Anderson and Scorsese are not asking us to fall into their rhythm, but to follow the forcefulness with which they convey information. They earn the right to their long takes by making sure new details emerge in the process of the shot, linked to the viewer’s general curiosity. In Goodfellas, had it only been Henry Hill going through the back of the club, passing through the hall and into the kitchen, the shot would have been equally virtuoso. But it gains much of its interest from the unfamiliar meeting the familiar. Henry has clearly done this on numerous occasions, as we realise when he says to a couple of workers necking in the corridor that, every time he comes there, they are getting physical. But for his girlfriend, this is a new experience, and it is her surprise and wonder that we are identifying with as he gives various employees he passes twenty-dollar bills, and she asks him what he does. He says he works in construction. She feels his hands and proposes that it doesn’t seem like he works in the industry. In Boogie Nights, it is the beginning of the film, so we don’t know that we are being introduced to most of the films leading characters but, as they are played by Julianne Moore, Burt Reynolds, Heather Graham and others, it wouldn’t be a bad guess. There is no meditative dimension to these shots, and perhaps consequently little need for the viewer to ‘fall into’ the filmmaker’s rhythm as a beseeching request. The directors do not ask us for our patience; they satisfy our curiosity.

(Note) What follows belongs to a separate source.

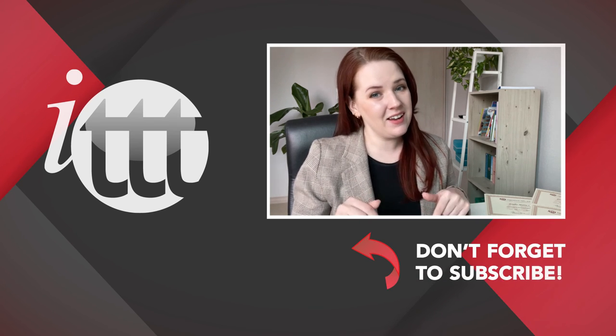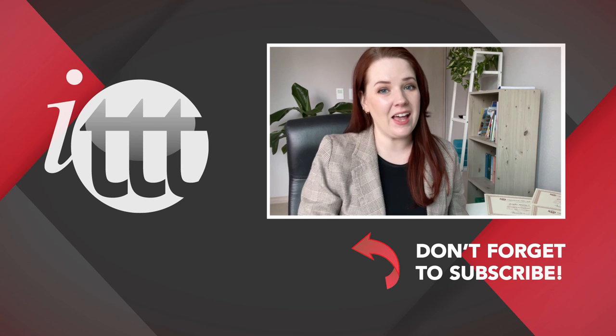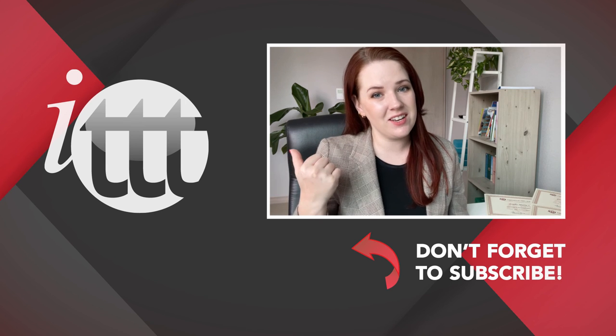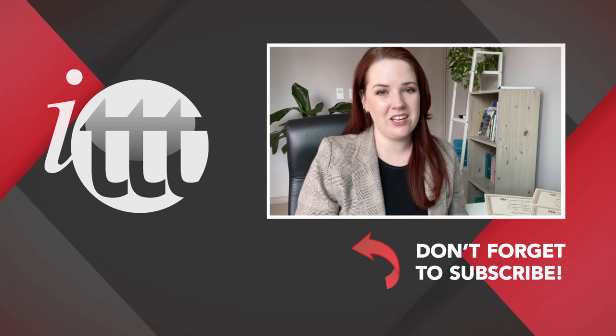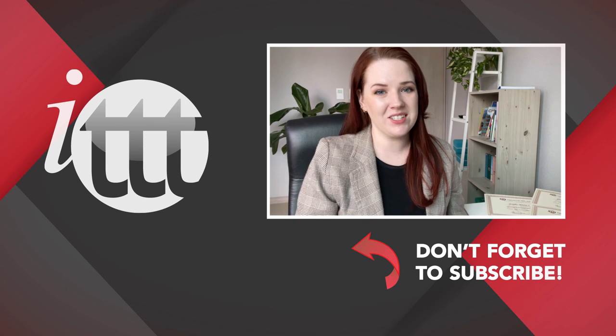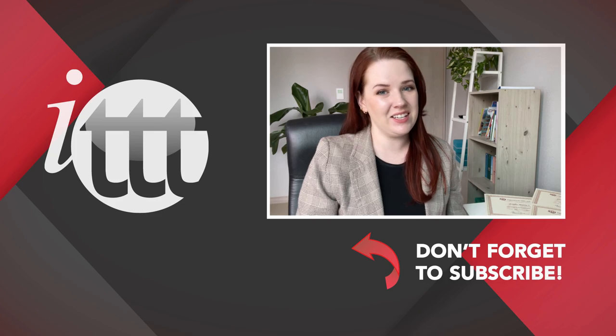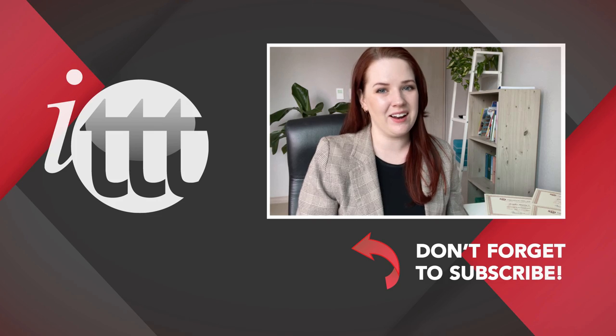Thanks so much for watching. We are ITTT, the leading provider for TEFL and TESOL training courses. If you like this video, please subscribe by clicking the button down here and click on any of the videos here on the left for more interesting teaching tips for getting certified to teach English abroad and online.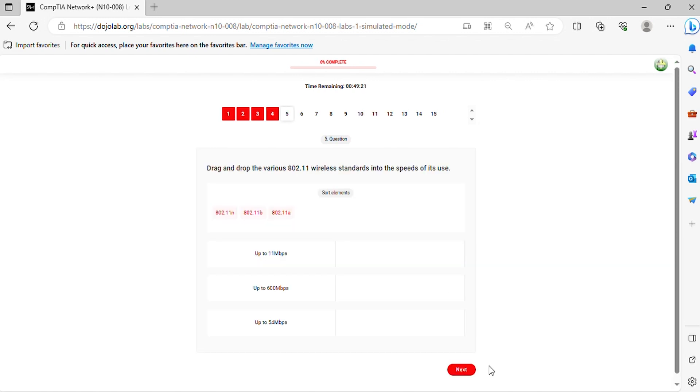Question 5. Drag and drop the various 802.11 wireless standards into the speeds of its use.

A good example of this required patience can be found in The Weeping Meadow, perhaps not one of Greek director Theo Angelopoulos’s finest films, but with undeniably very fine sequences. In one, a funeral procession on the river is filmed in two shots. One is a lateral track as the mourners take the body on a raft, with numerous people grieving on small boats by the land looking on, before the film then cuts to a frontal view of the raft, and all the other small boats also in long shot, as they move towards the camera. The shots aren’t so long quantitatively — three minutes in total — but qualitatively, they possess the rhythm Tarkovsky invokes as almost nothing happens curiously within the scene. We know the person died in the previous day, and we are following the process of his funeral. Both Angelopoulos and Tarkovsky are from Christian Orthodox countries, and both are drawn to the temporality of the religious, without necessarily proselytising for theological specificity. What matters more is the time as faith, while American cinema focuses usually on time as pragmatic, a can-do temporality that is exemplified in the ticking-clock scenario. In both Mirror and The Weeping Meadow, this could have been activated given the nature of the scenes (a burning house; a flooded village), but the directors prefer to focus on them as scenes of nature. They demand the restfulness of contemplation, not the anxiety of anticipation. The prayer they allude to isn’t the type one offers in a moment of terror, which is really a request to save the body from its potential torments; it is a slower burn attention to the needs of the soul.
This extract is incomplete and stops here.